__Your objective__. Nothing but the lines from the one with "So Sid, that's" through the end of the data should be set down, each exactly as written, and no picture should be included.

'''

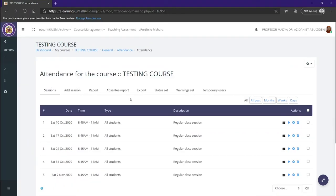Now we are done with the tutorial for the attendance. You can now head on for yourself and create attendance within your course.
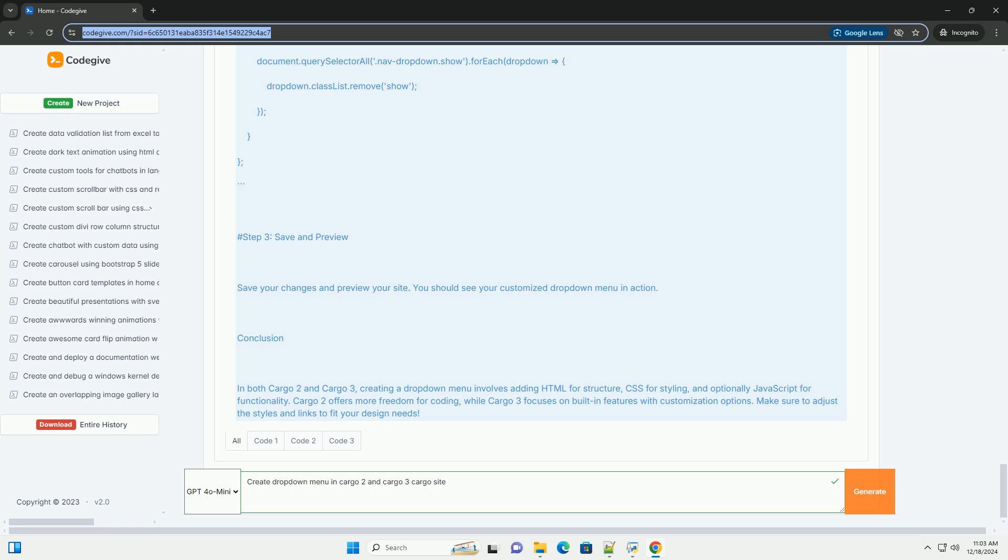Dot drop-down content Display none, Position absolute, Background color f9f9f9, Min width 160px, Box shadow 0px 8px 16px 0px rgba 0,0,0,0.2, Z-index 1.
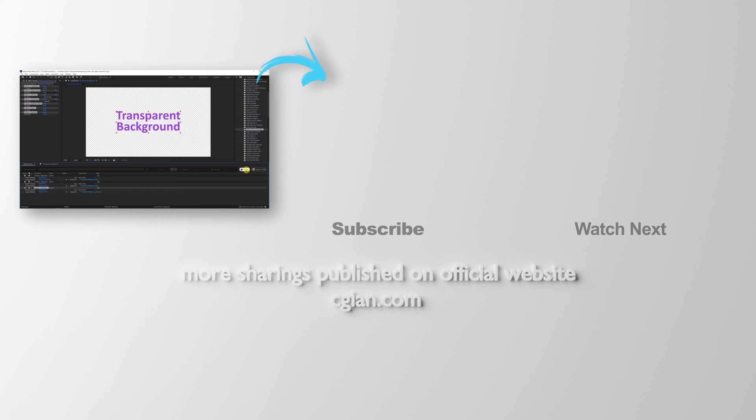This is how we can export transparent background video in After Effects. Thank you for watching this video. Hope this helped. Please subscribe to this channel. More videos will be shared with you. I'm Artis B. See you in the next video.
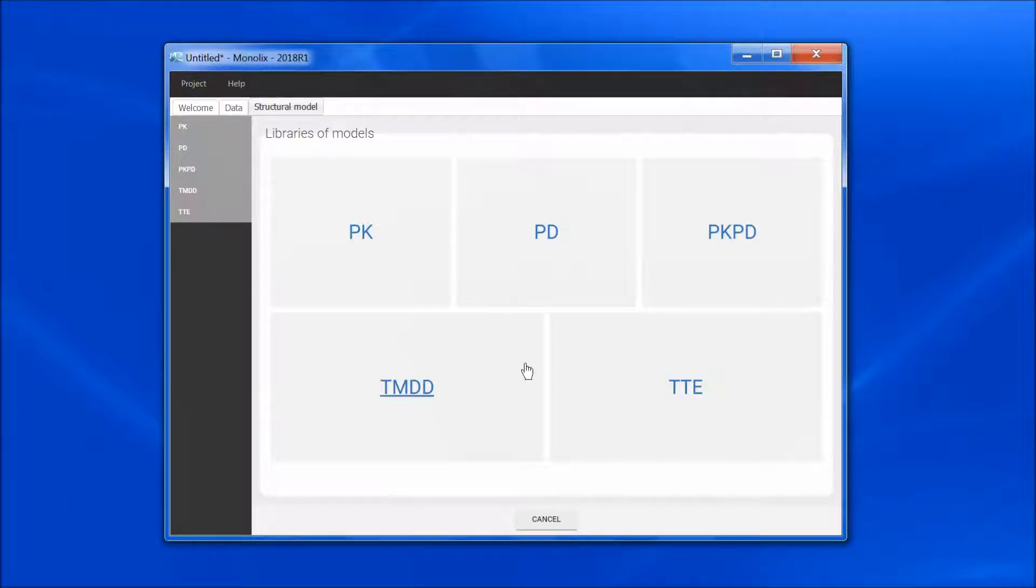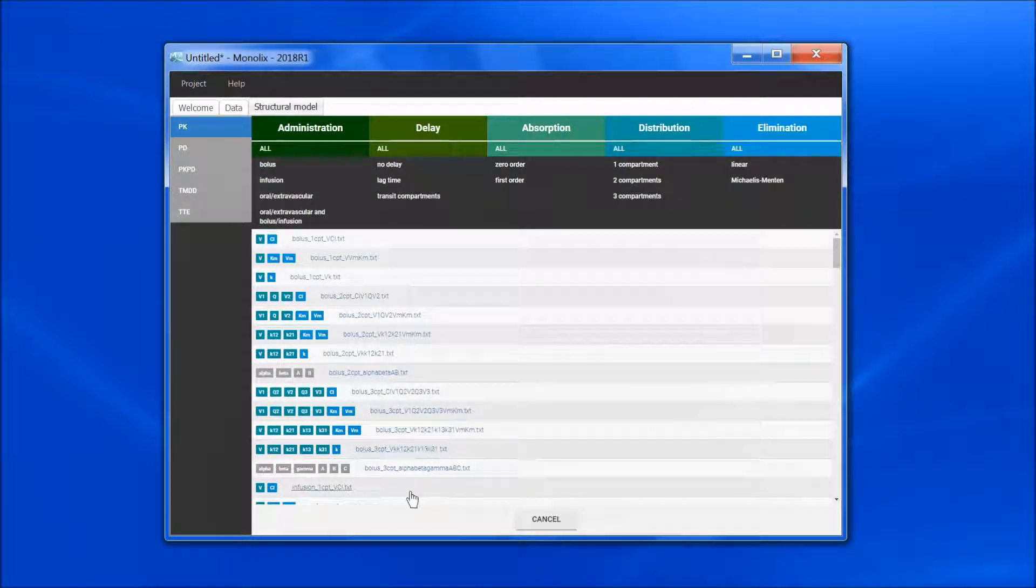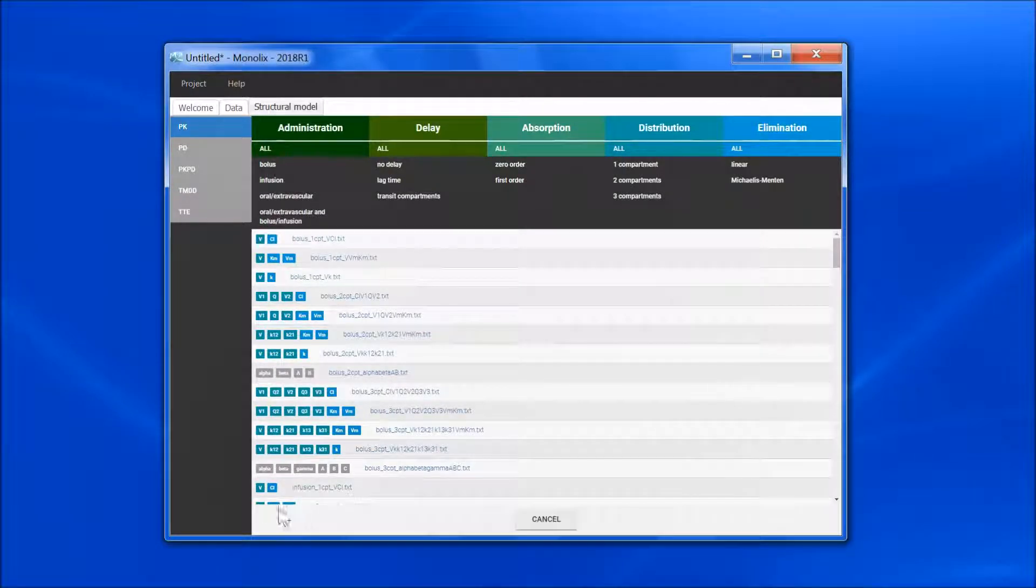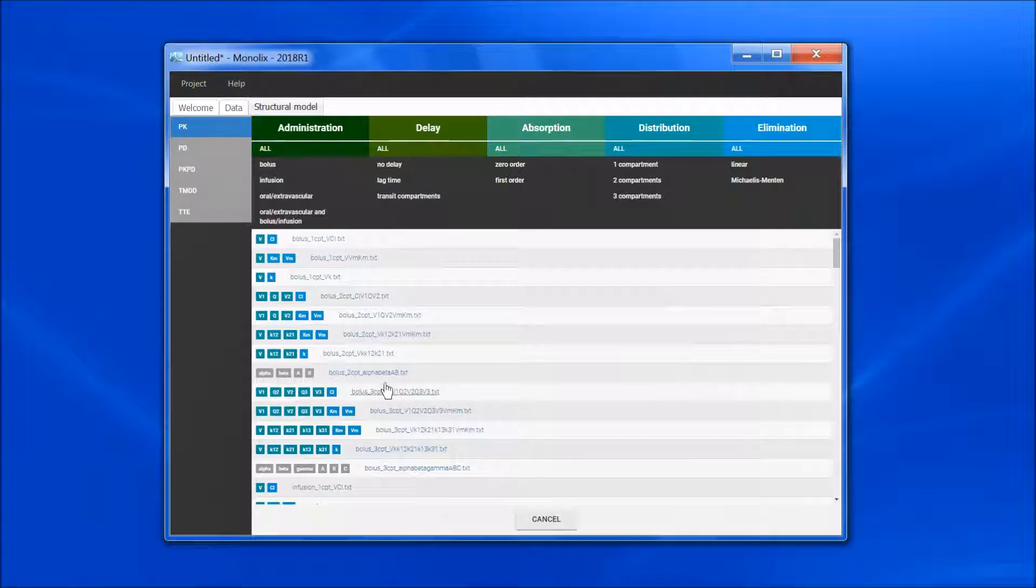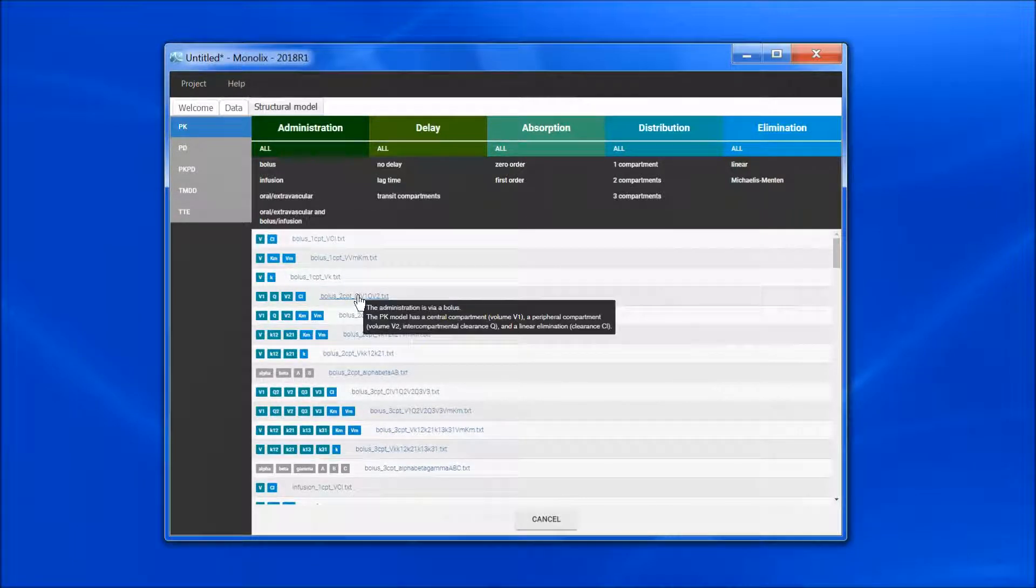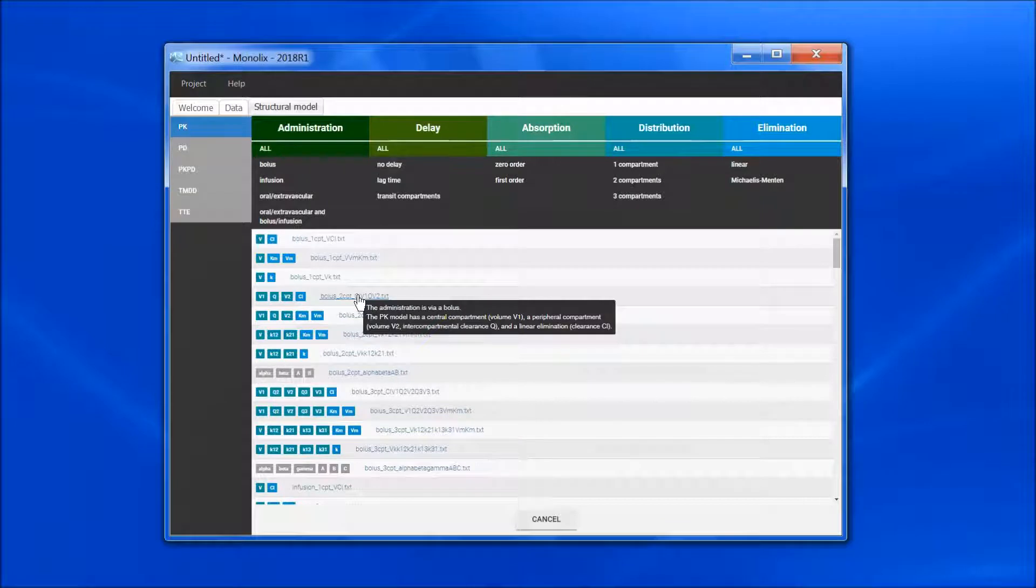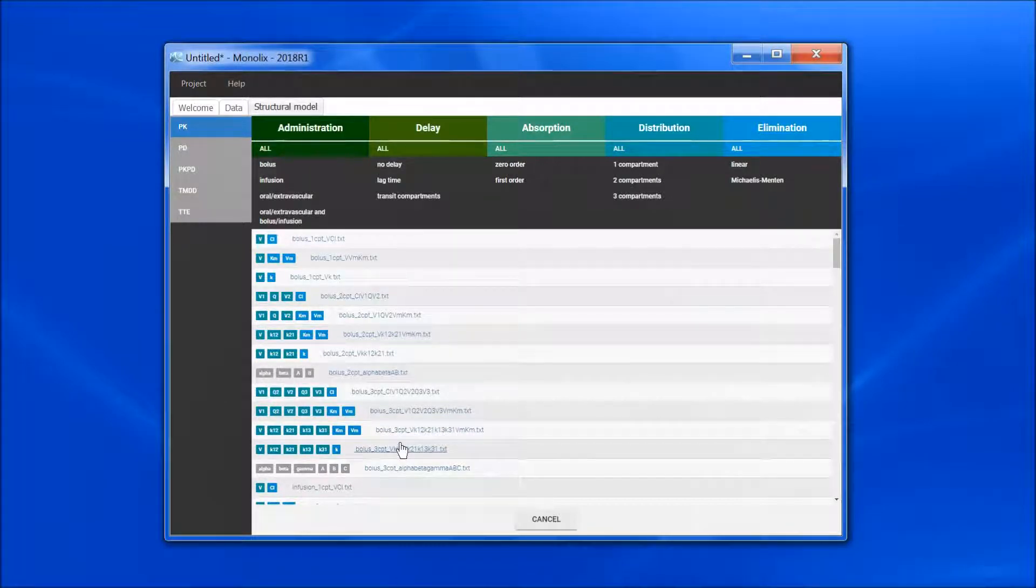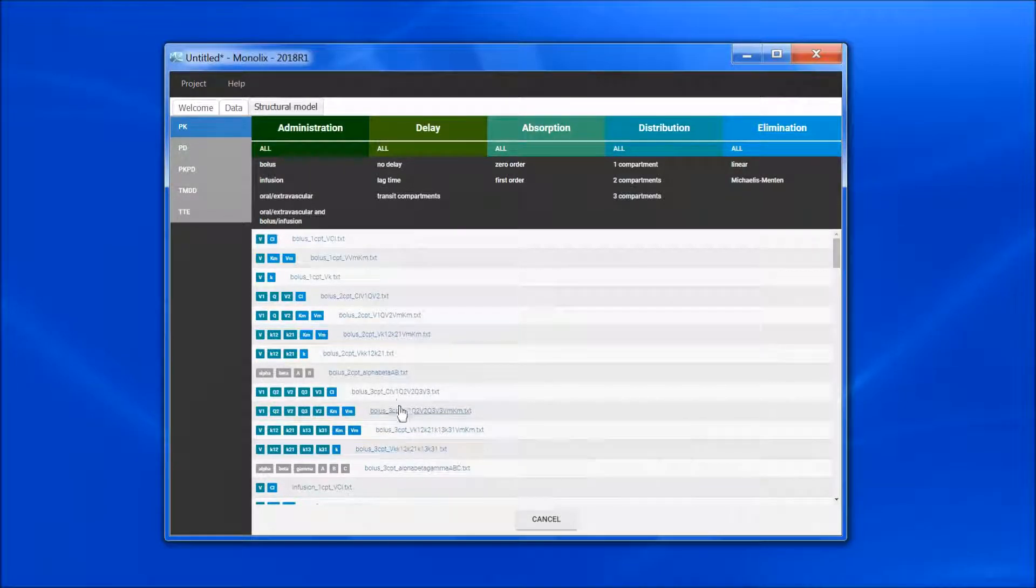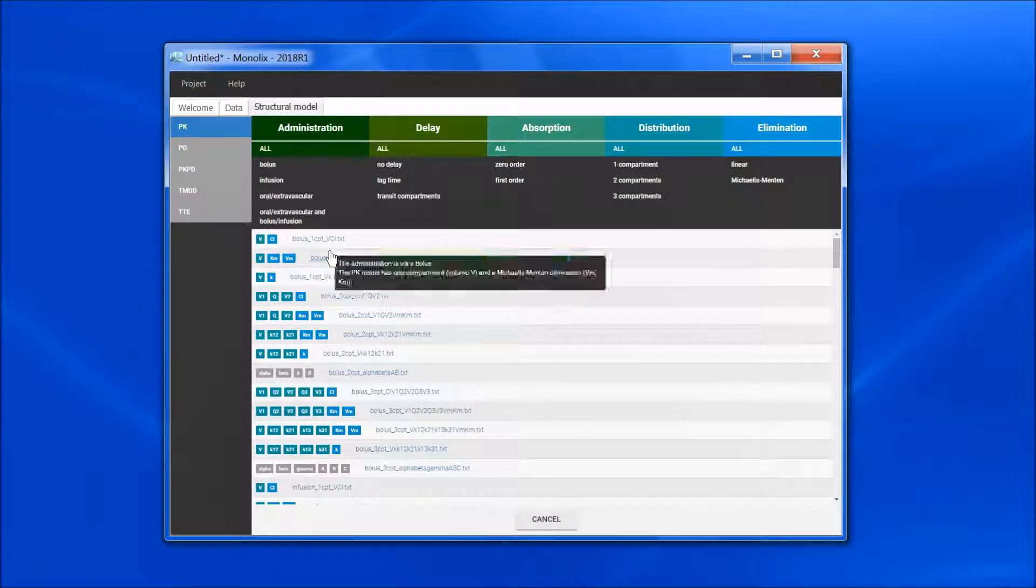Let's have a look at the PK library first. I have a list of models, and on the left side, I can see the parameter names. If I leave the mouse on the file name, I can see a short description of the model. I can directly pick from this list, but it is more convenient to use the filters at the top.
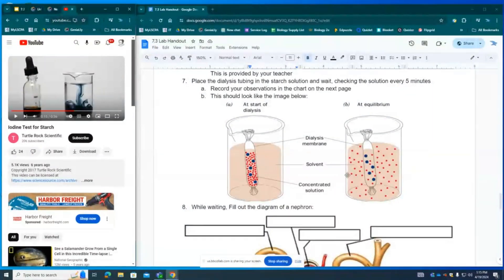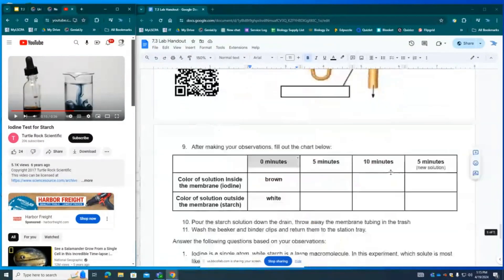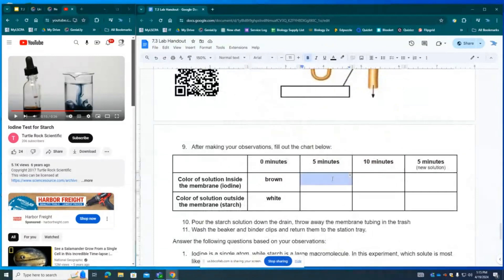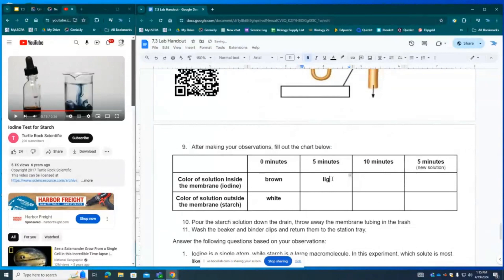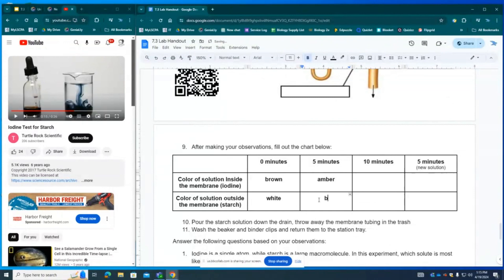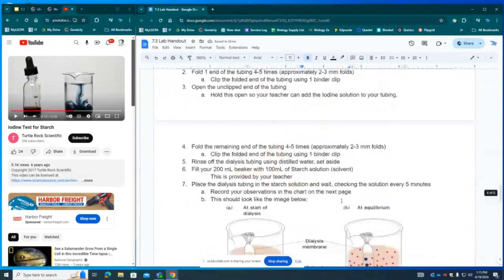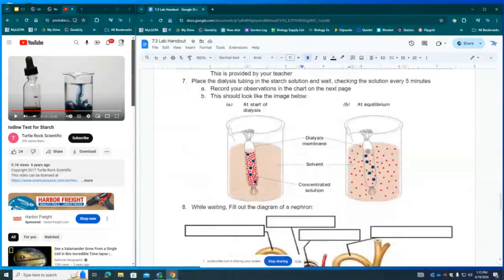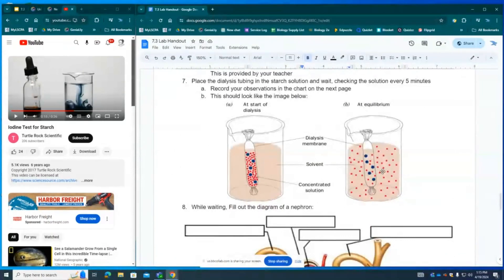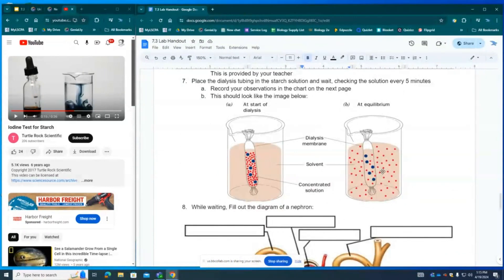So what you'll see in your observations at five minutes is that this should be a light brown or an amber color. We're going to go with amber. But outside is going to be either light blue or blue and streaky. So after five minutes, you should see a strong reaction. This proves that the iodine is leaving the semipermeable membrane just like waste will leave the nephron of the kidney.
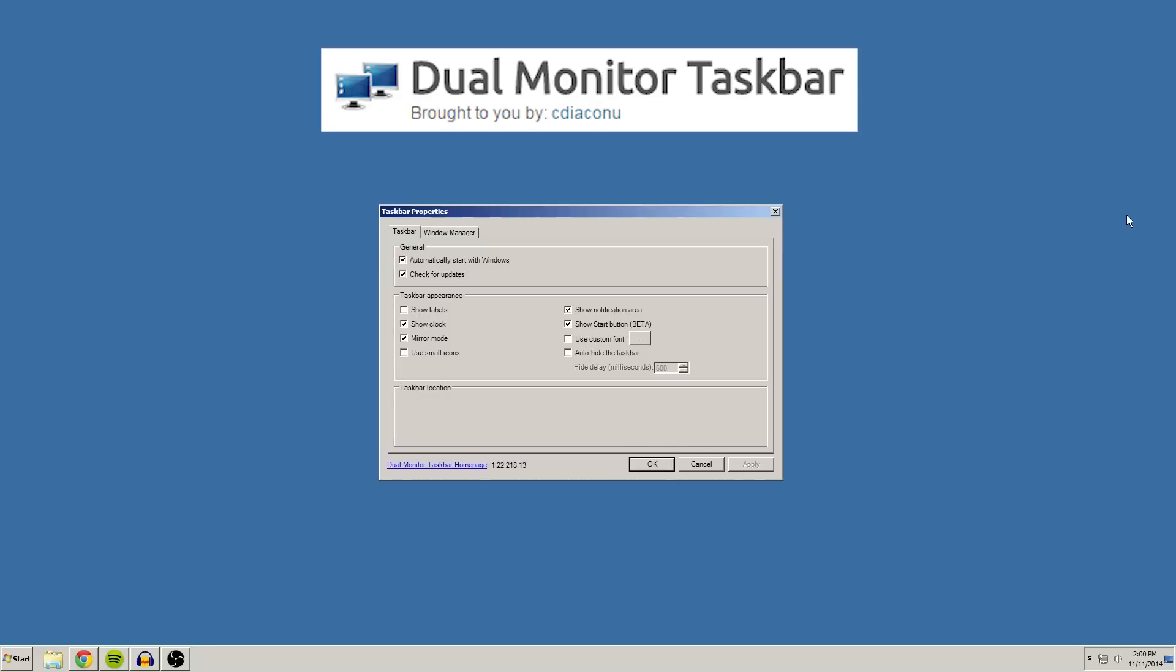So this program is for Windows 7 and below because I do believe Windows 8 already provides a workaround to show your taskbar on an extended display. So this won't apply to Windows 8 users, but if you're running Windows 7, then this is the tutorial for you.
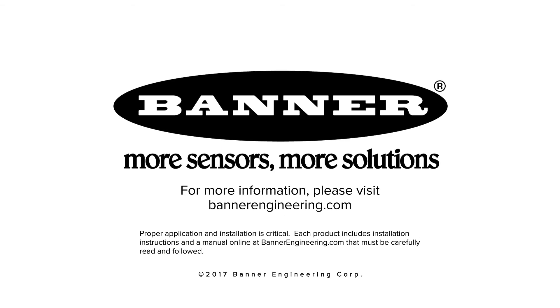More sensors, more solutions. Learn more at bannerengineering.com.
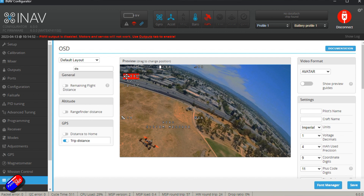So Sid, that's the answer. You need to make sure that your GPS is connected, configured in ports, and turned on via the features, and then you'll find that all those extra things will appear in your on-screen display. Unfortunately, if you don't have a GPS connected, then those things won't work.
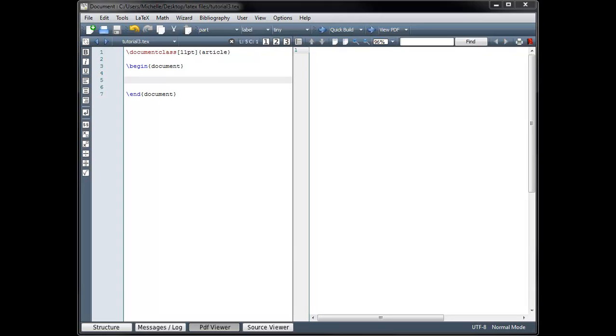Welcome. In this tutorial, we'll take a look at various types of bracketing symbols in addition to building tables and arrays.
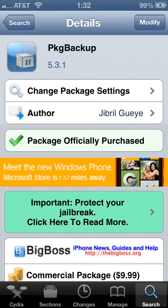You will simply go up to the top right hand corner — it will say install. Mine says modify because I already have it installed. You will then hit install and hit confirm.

'''

__Completed task__.
So Sid, that's the answer. You need to make sure that your GPS is connected, configured in ports, and turned on via the features, and then you'll find that all those extra things will appear in your on-screen display. Unfortunately, if you don't have a GPS connected, then those things won't work.
Welcome. In this tutorial, we'll take a look at various types of bracketing symbols in addition to building tables and arrays.
You will simply go up to the top right hand corner — it will say install. Mine says modify because I already have it installed. You will then hit install and hit confirm.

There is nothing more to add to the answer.